Es gab sogar Top-Banker wie Alfred Herrhausen, Vorstandssprecher ab 1985, die ganz angenehme Menschen waren.
Herrhausen engagierte sich stark für einen Schuldenerlass der Dritte-Welt-Länder, wollte eine moralische Bankenpolitik, setzte sich für Transparenz ein.
Irgendwie absurd, daß die RAF 1989 ausgerechnet ihn ermordete.
Mit Kopper und Breuer kamen anschließend ganz andere Typen an die Macht der zeitweilig größten Bank der Welt.
Die zehn Millionen Privatkunden interessierten nicht mehr, weil sie nur kleine Spareinlagen boten und dafür relativ viel Personal gebraucht wurde.
Wer unter 100.000 DM verdiente, wurde in die „Deutsche Bank24“ ausgegliedert.
Breuer, der immer nicht nur der größte und mächtigste, sondern auch der schönste deutsche Banker sein wollte, gönnte die alte prestigeträchtige Bankleitzahl „X0070000“ nur noch den Investoren.
Seine Bank wurde zum größten Devisenhändler des Planeten.
Joe Ackermann ging im Kanzleramt ein und aus, benutze Merkels Privataufzug, feierte Geburtstagssausen im Kanzleramt, schob seinen Manager-Kollegen Millionen zu und verordnete das große Investmentbanking mit jährlich 25% Rendite.
Da konnten Oma Kalupke von nebenan und der Student mit seinem dreistelligen Beträgen auf dem Girokonto nur stören.
Wir als Privatkunden merken das und sollten das merken.
Erst die Billig-BLZ, dann wurden die Schalter verkleinert und man sollte seine Angelegenheiten draußen am Automaten selbst erledigen.
Schließlich die Filialschließungen.
Was nervte man da überhaupt rum mit seinen paarhundert, paartausend Euronen?
Soll sich die Sparkasse um den Billig-Plebs kümmern.
Die Filialschließungen begannen im großen Maßstab.

Ackermann verschob lieber 10- und elfstellige Summen über jugendliche Investmentgenies in London und New York.

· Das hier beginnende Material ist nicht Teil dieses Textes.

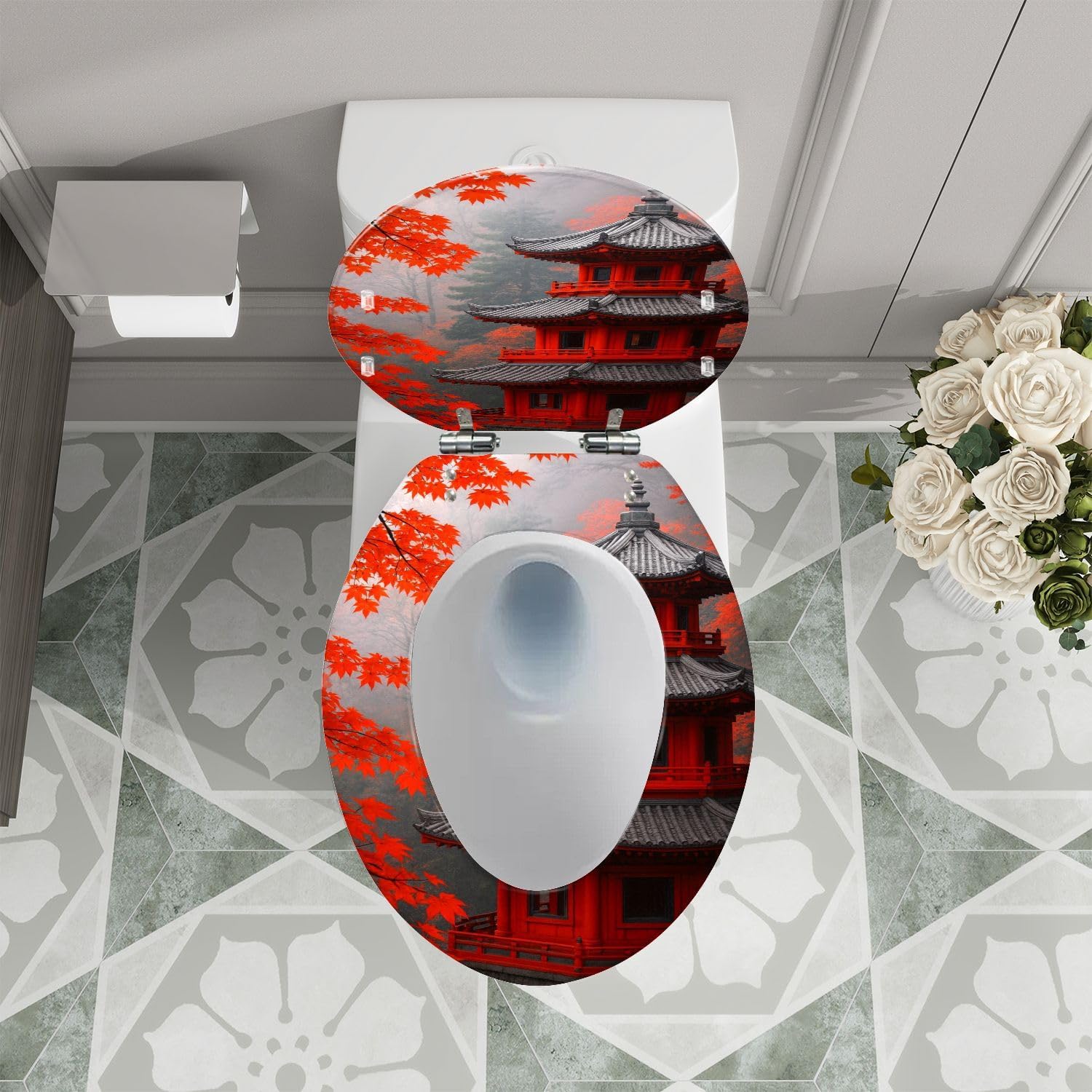 Elongated Decorative Resin Toilet Seat Quiet Close Quick Release Hinges Cover Bumpers Black White Pop Red Japanese Fall Temple Pagoda Maple Easy Install Clean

Kleinsparer stören die Deutsche Bank beim Geldverdienen – die 14 Millionen der Postbank müssen als Erste gehen.
Für einen Moment gerät Anshu Jain geradezu ins Schwärmen. "Das ist ein erstklassiges Unternehmen", sagt er. "Es hat ein hervorragendes Management und eine starke Marke", ergänzt der Brite mit den indischen Wurzeln. Bloß dass der Co-Chef der Deutschen Bank nicht über sein eigenes Haus redet, sondern über dessen Tochter, die Postbank. Die will er nun bis Ende des kommenden Jahres loswerden. Jain lächelt unbeholfen, er weiß, dass er die Postbank anpreisen muss, wenn er dafür Käufer finden will, doch jedes weitere Argument wirft die Frage auf: Wenn die Tochter so hübsch ist, warum gibt die Mutter sie dann her?
(Arne Storn 29. April 2015)

Bekanntlich endete das Großmannsdenken mit Anshu Jain, Jürgen Fitschen und John Cryan, die 2015 auch die 14 Millionen Postbank-Kunden abstießen mit Megaverlusten.
Dabei hatte Ackermann im Jahr 2011 angekündigt die operativen Gewinne seiner Bank bei über 10 Milliarden Euro jährlich anzusetzen.

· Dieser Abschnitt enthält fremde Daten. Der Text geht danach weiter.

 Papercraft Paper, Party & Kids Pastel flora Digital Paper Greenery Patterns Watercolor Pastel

Im Jahr 2015 „erwirtschaftete“ die Deutsche Bank stattdessen einen Rekordverlust von 6,7 Milliarden Euro.

Ausbaden sollen es, wieder einmal, die Privatkunden.
Es werden Filialen geschlossen, Kundenbetreuer der untersten Gehaltsklassen rausgeworfen.

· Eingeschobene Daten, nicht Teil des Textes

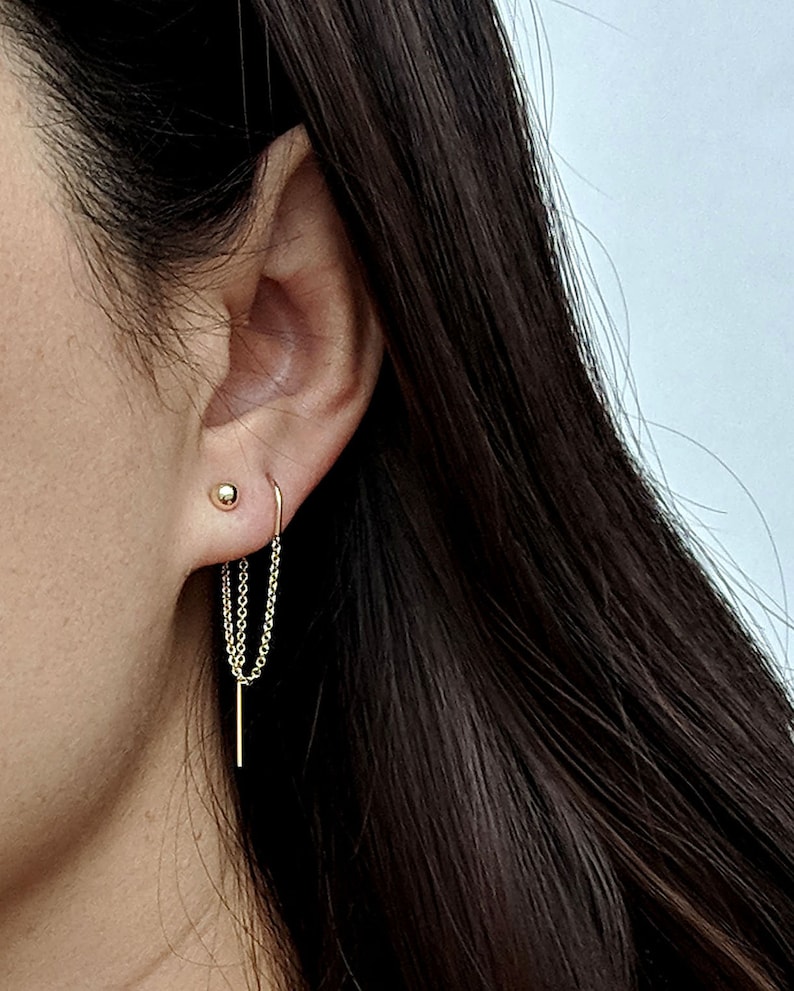 Threader Stud Earrings Gold Threader Earrings Sterling Silver Etsy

188 der bundesweit 723 Standorte werden geschlossen, 30 ländliche Standorte werden in "Finanzagenturen" umgewandelt.
Die Deutsche Bank will sparen und reagiert nach eigenen Angaben außerdem darauf, dass immer mehr Kunden Online-Banking nutzen.
Im Zuge ihres Sparkurses will die Deutsche Bank knapp 3000 Vollzeitstellen wegfallen. [….]

Auch „meine Filiale“ gegenüber wird nun zugemacht.